# Francisco Isco



## Magnus_Marcus (18 Settembre 2012)

Attaccante del Malaga, 20 anni, gran partita contro lo Zenit stasera, lo vedremo al Barsà a breve credo


----------



## Jino (18 Settembre 2012)

Sicuramente un ragazzo molto interessante...


----------



## juventino (18 Settembre 2012)

Intanto vediamo come continua la stagione, poi capiremo di che pasta è fatto.


----------



## #Dodo90# (19 Settembre 2012)

Gran bella partita stasera.

Comunque il Malaga mi sa che ci strapazza.


----------



## Z A Z A' (19 Settembre 2012)

Due gol pazzeschi stasera,direi che è destinato al Real o al Barça.


----------



## Jino (19 Settembre 2012)

Fosse da noi giocherebbe terzino oppure centrale di difesa, credo.


----------



## Prinz (19 Settembre 2012)

Clamoroso, ma da dove è uscito?


----------



## AcetoBalsamico (19 Settembre 2012)

Ha fatto letteralmente la differenza, ha solo 20 anni quindi aspettiamo a tirare le somme.

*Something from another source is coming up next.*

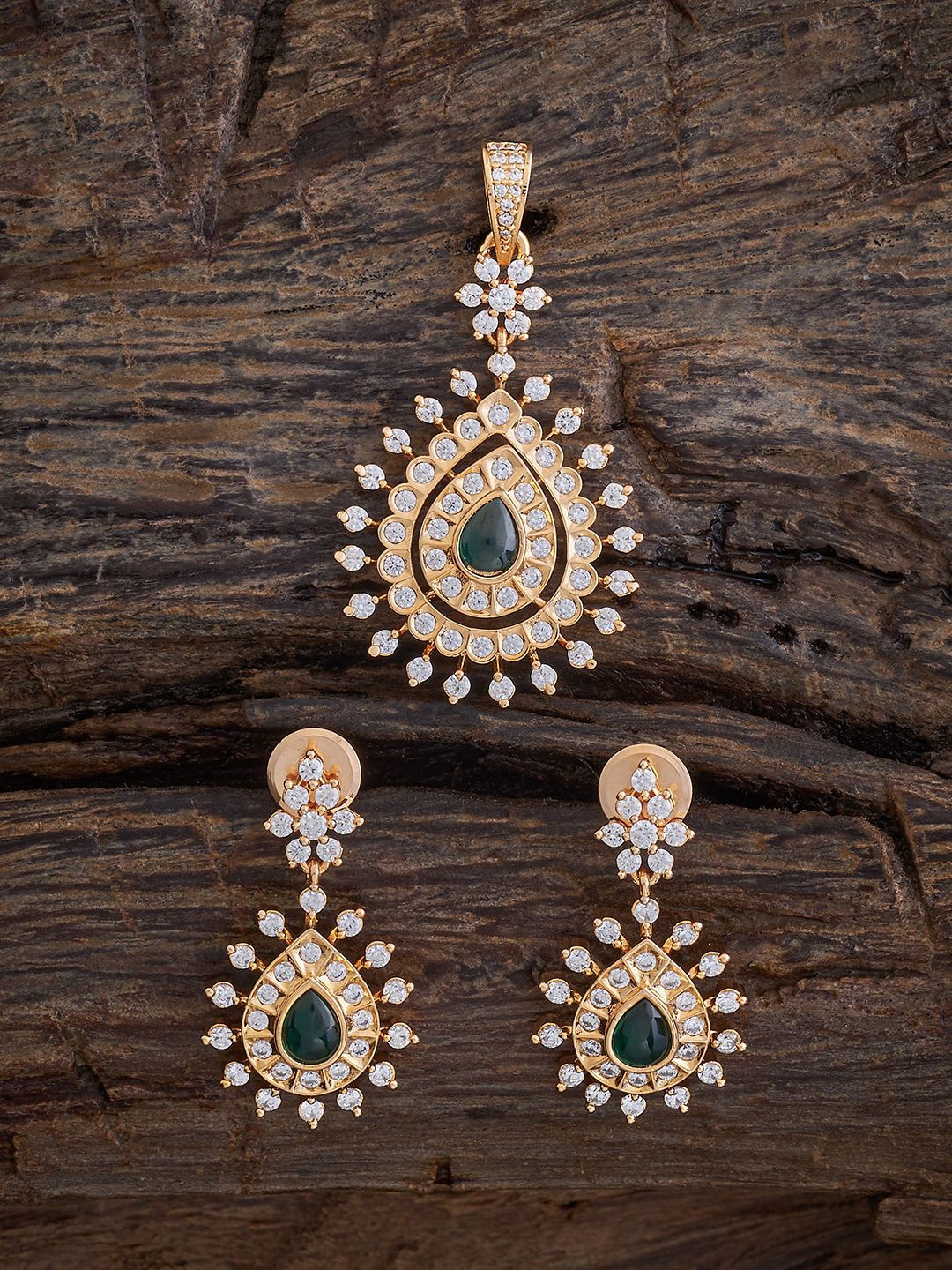

Kushal's Fashion Jewellery Green Gold-Plated Copper Cubic Zirconia Studded Jewellery Set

Ma direi niente male, davvero niente male.


----------



## Fabry_cekko (19 Settembre 2012)

sembra veramente forte, voglio vedere che fa contro di noi


----------



## Jino (19 Settembre 2012)

Prinz ha scritto:


> Clamoroso, ma da dove è uscito?



Già lo scorso anno fece molto bene, Barca e Real in estate hanno chiesto informazioni per lui, ma hanno chiesto tanti soldi.


----------



## Jaqen (19 Settembre 2012)

Non si scopre mica oggi questo qui.


----------



## Andreas89 (19 Settembre 2012)

isco,gran bel giocatore


----------



## Roten1896 (21 Settembre 2012)

ovviamente nel nostro girone nascono i fenomeni


----------



## Dumbaghi (2 Dicembre 2012)

Questo qui sarebbe da prendere tutta la vita.


----------